* **YOUR TASK**
Nothing may differ between your reply and the listing that follows.

* **THE DATA**

■ ■ ■ ■

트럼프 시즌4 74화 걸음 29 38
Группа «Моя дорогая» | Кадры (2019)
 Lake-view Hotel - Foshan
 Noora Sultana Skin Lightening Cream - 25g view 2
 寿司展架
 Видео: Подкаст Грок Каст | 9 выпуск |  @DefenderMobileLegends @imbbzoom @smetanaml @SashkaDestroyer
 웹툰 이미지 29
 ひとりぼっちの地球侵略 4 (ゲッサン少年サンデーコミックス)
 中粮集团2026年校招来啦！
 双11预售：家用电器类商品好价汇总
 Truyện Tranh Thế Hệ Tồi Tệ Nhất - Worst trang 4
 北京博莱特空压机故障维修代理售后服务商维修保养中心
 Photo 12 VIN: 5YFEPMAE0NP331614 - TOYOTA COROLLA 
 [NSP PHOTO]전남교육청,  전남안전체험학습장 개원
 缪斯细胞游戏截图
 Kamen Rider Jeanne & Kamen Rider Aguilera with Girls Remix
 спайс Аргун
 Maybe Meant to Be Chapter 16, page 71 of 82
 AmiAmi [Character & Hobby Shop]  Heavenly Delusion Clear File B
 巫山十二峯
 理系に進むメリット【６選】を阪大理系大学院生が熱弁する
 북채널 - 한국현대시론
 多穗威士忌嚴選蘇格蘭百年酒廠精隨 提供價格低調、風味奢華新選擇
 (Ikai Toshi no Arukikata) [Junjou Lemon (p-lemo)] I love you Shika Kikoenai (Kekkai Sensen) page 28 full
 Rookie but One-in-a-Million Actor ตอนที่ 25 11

■ ■ ■ ■

* **SOLUTION TO THIS PROBLEM**
트럼프 시즌4 74화 걸음 29 38
Группа «Моя дорогая» | Кадры (2019)
 Lake-view Hotel - Foshan
 Noora Sultana Skin Lightening Cream - 25g view 2
 寿司展架
 Видео: Подкаст Грок Каст | 9 выпуск |  @DefenderMobileLegends @imbbzoom @smetanaml @SashkaDestroyer
 웹툰 이미지 29
 ひとりぼっちの地球侵略 4 (ゲッサン少年サンデーコミックス)
 中粮集团2026年校招来啦！
 双11预售：家用电器类商品好价汇总
 Truyện Tranh Thế Hệ Tồi Tệ Nhất - Worst trang 4
 北京博莱特空压机故障维修代理售后服务商维修保养中心
 Photo 12 VIN: 5YFEPMAE0NP331614 - TOYOTA COROLLA 
 [NSP PHOTO]전남교육청,  전남안전체험학습장 개원
 缪斯细胞游戏截图
 Kamen Rider Jeanne & Kamen Rider Aguilera with Girls Remix
 спайс Аргун
 Maybe Meant to Be Chapter 16, page 71 of 82
 AmiAmi [Character & Hobby Shop]  Heavenly Delusion Clear File B
 巫山十二峯
 理系に進むメリット【６選】を阪大理系大学院生が熱弁する
 북채널 - 한국현대시론
 多穗威士忌嚴選蘇格蘭百年酒廠精隨 提供價格低調、風味奢華新選擇
 (Ikai Toshi no Arukikata) [Junjou Lemon (p-lemo)] I love you Shika Kikoenai (Kekkai Sensen) page 28 full
 Rookie but One-in-a-Million Actor ตอนที่ 25 11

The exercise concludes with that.